Melt the butter in a large sauté pan, add the chopped rosemary and diced tomatoes. Season with salt, freshly ground pepper and sugar.   Cook until the tomatoes have just begun to soften into a sauce, about 5 minutes approx.  

Peel the casing off the Chorizo or Kabanossi sausage if necessary, then half or quarter each stick depending on size.  Slice into rounds or at an angle as desired.  Add to the pan with the chilli flakes, season lightly with salt (be careful not to overdo the salt as the sausage may be somewhat salty).    Add the cream and chopped parsley, cook, stirring frequently until the cream comes to the boil.  Simmer for 5-7 minutes.   Remove the pan from the heat and set aside.

When the pasta is cooked (it should be ‘al dente’), drain and toss with the sauce, add the grated Parmesan. Toss again, check the seasoning.  Sprinkle with flat parsley and serve at once.  

Note: Please omit chorizo for vegetarian option.

Summery Fettuccine all’Alfredo

There actually was an Alfredo, in whose Roman restaurant this lovely dish became famous.  In Italy home-made – better still, hand-made pasta is essential, cooked very aldente and good-quality fresh double cream but one could use dried pasta (340g-450g/¾ – 1lb) in an emergency. This original recipe came from the late Marcella Hazan its rich and gorgeous on its own and can be the base for numerous seasonal additions.

Serves 5-6

Pasta Dough

300g (10oz/2 1/2 cups) “00” flour

25g (1oz) semolina flour

pinch of salt

1 large egg and 3-4 large egg yolks, preferably free range

1 teaspoon olive oil

1 teaspoon cold water

225ml (8fl oz/1 cup) double cream

45g (1 3/4oz/1/3 stick) butter


65g (2 1/2oz) freshly grated Parmesan cheese

freshly ground pepper (4-6 twists of the mill)

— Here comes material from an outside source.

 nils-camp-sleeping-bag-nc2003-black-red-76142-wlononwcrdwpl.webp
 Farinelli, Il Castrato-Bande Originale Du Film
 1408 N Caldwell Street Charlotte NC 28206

a very tiny grating of nutmeg

First make the pasta.

Sieve the flour into a bowl and add the salt. Make a well in the centre, add the eggs (no need to whisk the eggs), oil and water. Mix into a dough with your hand. The pasta should just come together but shouldn’t stick to your hand – if it does add a little more flour.  (If it is too dry, add a little extra egg white being careful not to add too much.)  Knead for 10 minutes until it becomes elastic. It should be quiet pliable, wrap in clingfilm and rest in fridge for 20 minutes.

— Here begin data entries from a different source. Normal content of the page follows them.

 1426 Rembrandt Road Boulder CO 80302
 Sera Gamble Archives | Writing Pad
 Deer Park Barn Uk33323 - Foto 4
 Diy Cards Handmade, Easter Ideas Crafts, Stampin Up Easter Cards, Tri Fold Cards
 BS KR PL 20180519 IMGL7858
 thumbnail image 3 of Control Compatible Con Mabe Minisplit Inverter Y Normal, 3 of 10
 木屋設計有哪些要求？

Divide the dough in half and roll out one piece at a time into a very thin sheet, keeping the other piece covered. You ought to be able to read the print on a matchbox through the pasta.  A pasta machine or long thin rolling pin is a great advantage but you can manage perfectly well with an ordinary domestic rolling pin. 

Cut into strips, 1/8 inch (3mm) wide.

Choose an enamelled cast-iron pan, or other flameproof dish that can later hold all the cooked fettuccine comfortably.  Put in 150ml (5fl oz/1/2 cup) of the cream and all the butter and simmer over medium heat for less than a minute, until the butter and cream have thickened.  Turn off the heat.

Bring 8 pints (4.8 litres/20 cups) of water to the boil.  Add 1 tablespoon (1 American tablespoon + 1 teaspoon) of salt, then drop in the fettuccine and cover the pot until the water returns to the boil.  If the fettuccine are fresh, they will be done a few seconds after the water returns to the boil.  If dry, they will take a little longer.  (Cook the fettuccine even firmer than usual, because they will be cooked more in the pan.)  Drain immediately and thoroughly when done, and transfer to the pan containing the butter and cream.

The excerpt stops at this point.